[quagga-dev 12075] Re: Advise on implementation

Olivier Dugeon olivier.dugeon at orange.com
Mon Mar 2 14:56:35 GMT 2015

Hello David,

Thanks for your great advices.

Some answer in line.



Le 02/03/2015 08:18, David Lamparter a écrit :
> On Wed, Feb 18, 2015 at 12:58:22PM +0100, Olivier Dugeon wrote:
>> In complement to our TE works already submit, we would implement the BGP
>> Link State extension (see
>> https://datatracker.ietf.org/doc/draft-ietf-idr-ls-distribution). For
>> that purpose, we need inter-process communication with OSPFd and ISISd
>> process.
>> Same needs are also necessary to implement Path Computation
>> Element (PCE - RFC 4655).
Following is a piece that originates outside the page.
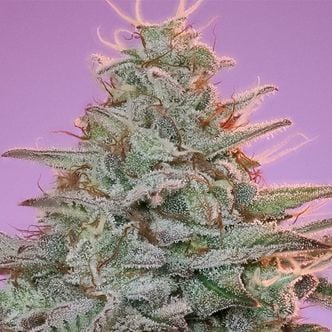 Sinai (Anesia Seeds) féminisée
The primary goal is to exchange Database
>> contains, in particular OSPF LSA and IS-IS LSP including TE information.
> *sigh*  this has been coming for a long time - the IPC protocol between
> zebra and the daemons needed to be extended (or even overhauled?) for a
> long time.
> Let me try to pull together a list of things that can't be done with the
> current ZAPI socket protocol:
> - LS distribution & PCE
> - BFD peer status signalling & automatic session creation
> - exchanging MPLS labels
> - exchanging VPN route information (both intra- and inter-VRF)
> - matching on route properties from another daemon when redistributing
> - ... probably even more stuff I forgot
> Some of these can probably be added into the existing protocol, but in
> general what we have now can be described as anything but extensible.
> I'm not saying you need to support all of these - I'm saying we need to
> address extensibility.
Even if I just try to solve my current problem, I'm totally agree with you.
Adding such new communication between the various Quagga processes must 
be flexible and generic in order to
take into account further development and other way to use it.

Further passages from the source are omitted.